Summary: Permanent Housing Affordability Act (H.R. 8127, 119th Congress)

Aims to promote shared equity models of homeownership and expand long-term affordability through community land trusts and related mechanisms. The bill establishes definitions, funding programs, pilot initiatives, research and outreach efforts, and reforms to surplus federal land to support these models.

1) Purpose and Intent

  • Create and preserve long-term housing affordability for low- and moderate-income households.
  • Promote shared equity homeownership models (including community land trusts) with resale restrictions and ground leases or similar mechanisms.
  • Utilize federal funding and surplused federal land to support financing, development, and stewardship of these models.
  • Increase public awareness and professional education about shared equity housing to lenders, housing counselors, homebuyers, and policymakers.

2) Key Provisions and Changes

A. Definitions (Section 2)

  • Community Land Trust (CLT): A non-profit, state, or local government body (not-for-profit affiliated) that acquires/holds land to provide permanently affordable housing, monitors affordability, and uses ground leases or similar mechanisms to keep housing affordable for at least 99 years (or the longest period allowed by state law, if longer than 99 is not possible). Maintains preemptive purchase options.
  • Eligible Entity: Local/local/state government unit or non-profit entity that manages a shared equity model program.
  • Eligible Grantee: State agency, state-chartered affordable housing authority, or a certified Community Development Financial Institution (CDFI) authorized by the Treasury.
  • Qualified Homebuyer: Household income not exceeding 120% of area median income (AMI).
  • Resale Formula: Method for determining fair return and resale price per 24 CFR §92.254.
  • Shared Equity Homeownership Model: Grounded in resale-restricted, owner-occupied housing with affordability lasting at least 99 years or the maximum state-law period; includes resale price restrictions.

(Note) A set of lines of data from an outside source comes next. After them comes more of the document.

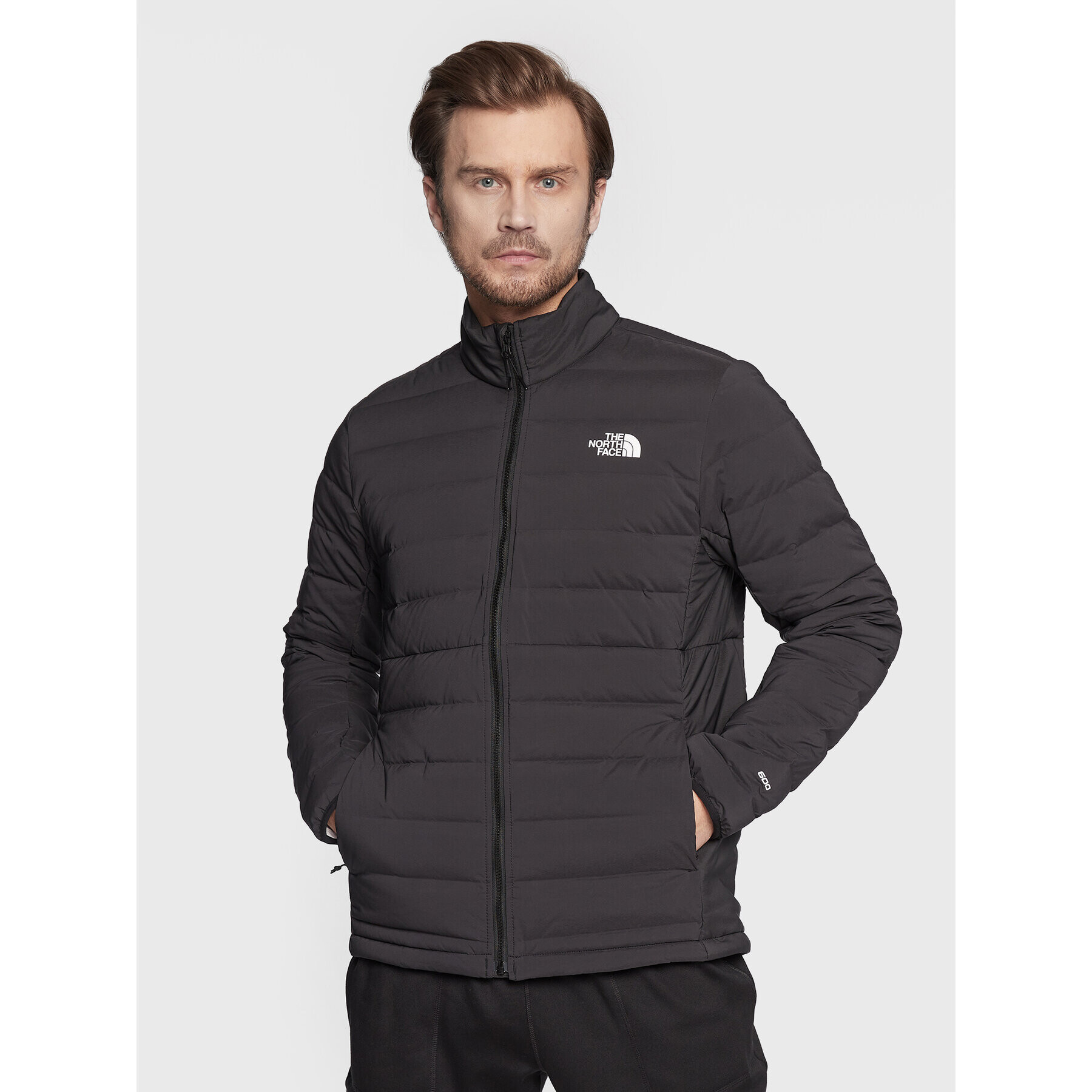 The North Face Puhovka Belleview NF0A7UJF Črna Slim Fit - Pepit.si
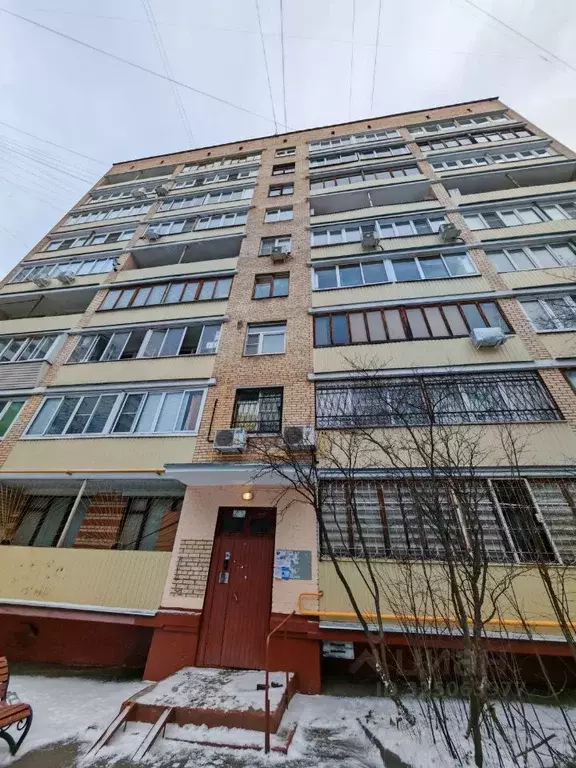 1-к кв. Москва ул. Рогова, 12 (32.1 м) - Фото 2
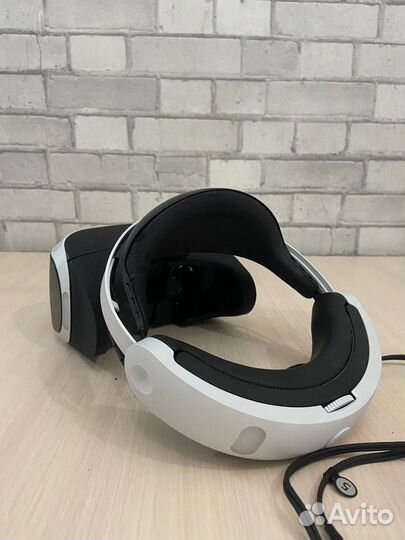 Шлем/очки виртуальной реальности VR ps4+камера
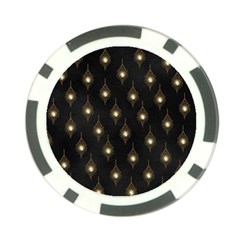 Light On Damask Poker Chip Card Guard (10 Pack) by ConteMonfrey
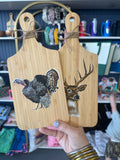 Wild Turkey board decor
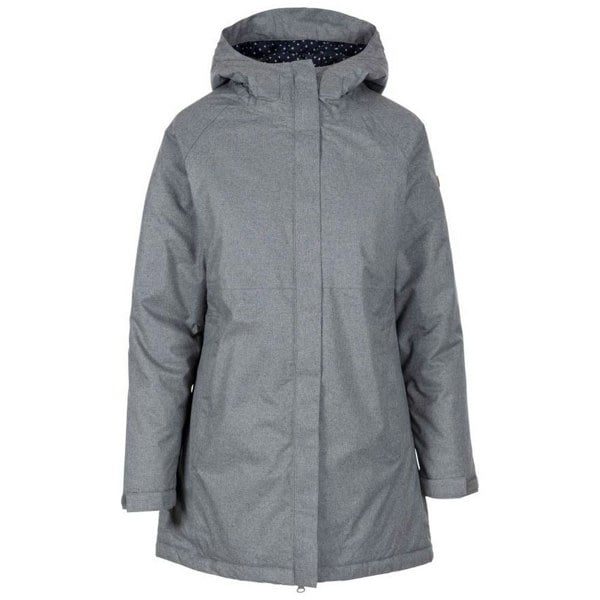 Trespass Women's Wintertime Waterproof Jacket - Grey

B. Lasting Housing Affordability Fund (Section 3)

  • Establish a grant program within 90 days of enactment to provide funds to eligible grantees to offer low-interest construction loans to eligible entities.
  • Loan terms: Interest rate ≤ 3%, origination fee ≤ 1%.
  • Liquidity rule: Grantees may not require eligible entities to have more than 10% liquid assets to obtain a loan.
  • Priority: Favor loans for projects in high-cost-burden areas, displacement-risk areas, redlined areas, or those with affordability terms >99 years.
  • Use of funds: Construction or rehabilitation of properties to be sold to qualified homebuyers, limited equity co-ops, or CLTs; affordability secured via ground leases, deeds, or similar mechanisms.
  • Eligible areas: Geographic diversification, including persistent poverty areas, underserved, and rural areas.
  • Reporting: Grantees must report loan activity, recipient organizations, units financed, affordability mechanisms, resale formulas, and other impact metrics.
  • Authorization: $100 million annually from FY 2027 through 2031 to carry out this section.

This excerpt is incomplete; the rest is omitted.